>>513997059
>why in the fuck is it like this?
It's simply an inevitable consequence of the reality of class conflict and the unique weaknesses of the American system of government. There's no one reason, but all the reasons are also all essentially the same thing.
For example, the US senate gives disproportionate representation to rural interests because every state gets 2 seats, so California (60,000,000 people) has the same number of votes as Wyoming (500,000 people). This is a structural feature that already pushes US legislation in a non-democratic direction.

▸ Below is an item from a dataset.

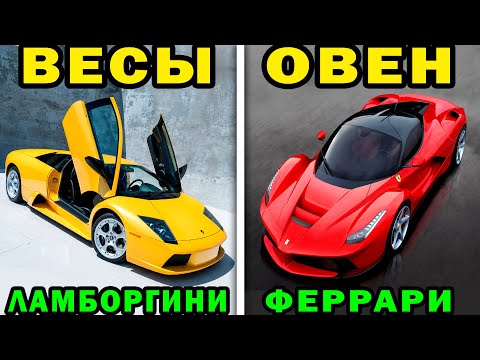 Какая Машина тебе Подходит по Знаку Зодиака? Tesla, Ferrari, Lamborghini, BMW, Mazda, Toyota, Jaguar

Then there are non-structural factors, like the filibuster. In the US senate you can use 'the filibuster' to block legislation unless it has 2/3rds support. Because no party ever wins 2/3rds of the senate, what this means is that the people who lose the election can block the winners from passing any laws at all. So even if the vast majority of Americans want public healthcare, and they win 60% of the seats in parliament, they still cannot pass a law enabling it, which is obviously anti-democratic.
Additionally, the US bill of rights puts legislative power in the hands of unelected judges. If you pass a law for universal healthcare I can appeal that law to the Supreme Court and they can rule that it violates my right to privacy or whatever and strike it down. This is another anti-democratic feature.
Individually, you can make arguments for why all of these things are good and necessary and so on. But taken collectively they result in a system that is completely unresponsive to what voters want. In America you can win the election, control Congress, control the Senate, control the Presidency, and still be unable to pass a single law.
And that's the main reason in my opinion why voters in America don't get what they want.